И отдыхаю в радостном саду..."

Эта характеристика неверна, если только не поверить поэту на слово, если вдуматься в скрытый смысл его строф (может быть, до конца и не сознанный им самим). Многие хоть и звучат на первый слух, как мажорные фанфары, но когда внимательнее их перечтешь, прикровенный смысл их кажется безнадежно печальным.

Таковы, в особенности, наиболее зрелые стихи Гумилева, которых не знал Жирмунский, когда писал свою статью о "преодолевших символизм": стихи сборников "К синей звезде" и "Огненный столп". Тут никак уж не скажешь, что Гумилев "избегает лирики любви", "слишком индивидуальных признаний и слишком тяжелого самоуглубления". В этих стихах он предстает нам не как конквистадор и Дон Жуан, а как поэт, замученный своей любовью-музой. Можно сказать, что в последние годы Гумилев только и писал о неутоленной и неутолимой жажде любви: почти все стихотворения приводят к одному и тому же "духовному тупику" - к страшной тайне сердца, к призраку девственной прелести, которому в этом мире воплотиться не суждено. Пусть темпераментный поэт продолжает "рваться в бой" с жизнью и смертью, - он раз и навсегда неизлечимо болен.

Стихи "К синей звезде" отчасти биографичны. Поэт рассказывает свою несчастливую любовь в Париже 1917 года, когда он, отвоевав на русском фронте, гусарским корнетом был командирован на салоникский фронт и попал в Париж (в распоряжение генерала Занкевича). Тут и приключилась с ним любовь, явившаяся косвенно причиной его смерти (Гумилев не вернулся бы, вероятно, в Россию весной 18-го года, если бы девушка, которой он сделал предложение в Париже, ответила ему согласием)"

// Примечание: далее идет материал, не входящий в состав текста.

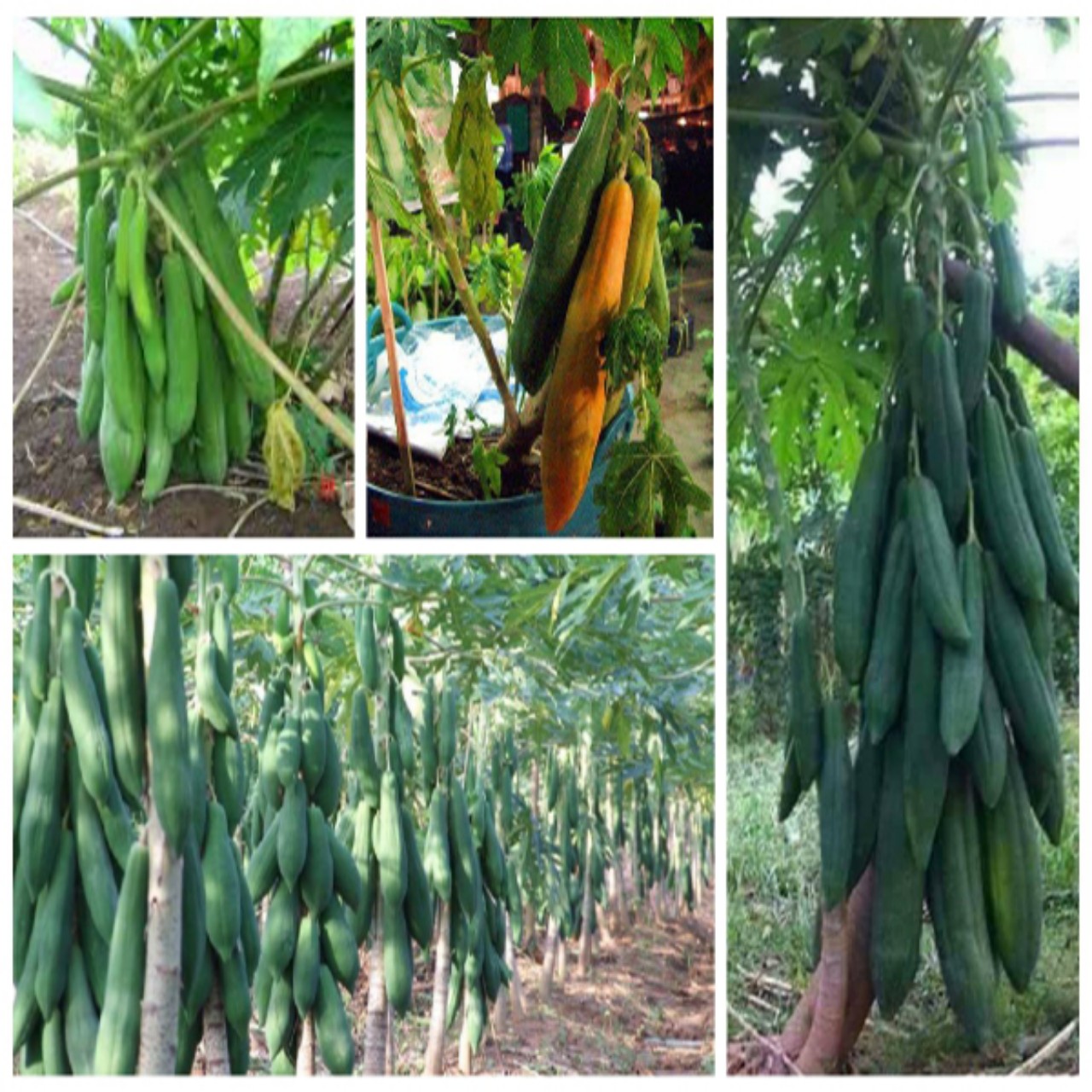 Hạt giống đu đủ puket thái lan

Целую книжку стихов посвятил он этой "любви несчастной Гумилева в год четвертый мировой войны". "Синей звездой" зовет он ее, "девушку с огромными глазами, девушку с искусными речами", Елену, жившую в Париже, в тупике "близ улицы Декамп", "милую девочку", с которой ему "нестерпимо больно". Он признается в страсти "без меры", в страсти, пропевшей "песней лебединой", что "печальней смерти и пьяней вина"; он называет себя "рабом истомленным" перед ее "мучительной, чудесной, неотвратимой красотой". И не о земном блаженстве грезит он, воспевая ту, которая стала его "безумием" или "дивной мудростью", а о преображенном, вечном союзе, соединяющем и землю, и ад, и Божьи небеса:

Если бы могла явиться мне

Молнией слепительной Господней,

И отныне я, горя в огне,

Вставшем до небес из преисподней...

Не отсюда ли впоследствии название сборника - "Огненный столп", где лирика любви приобретает некий эзотерический смысл?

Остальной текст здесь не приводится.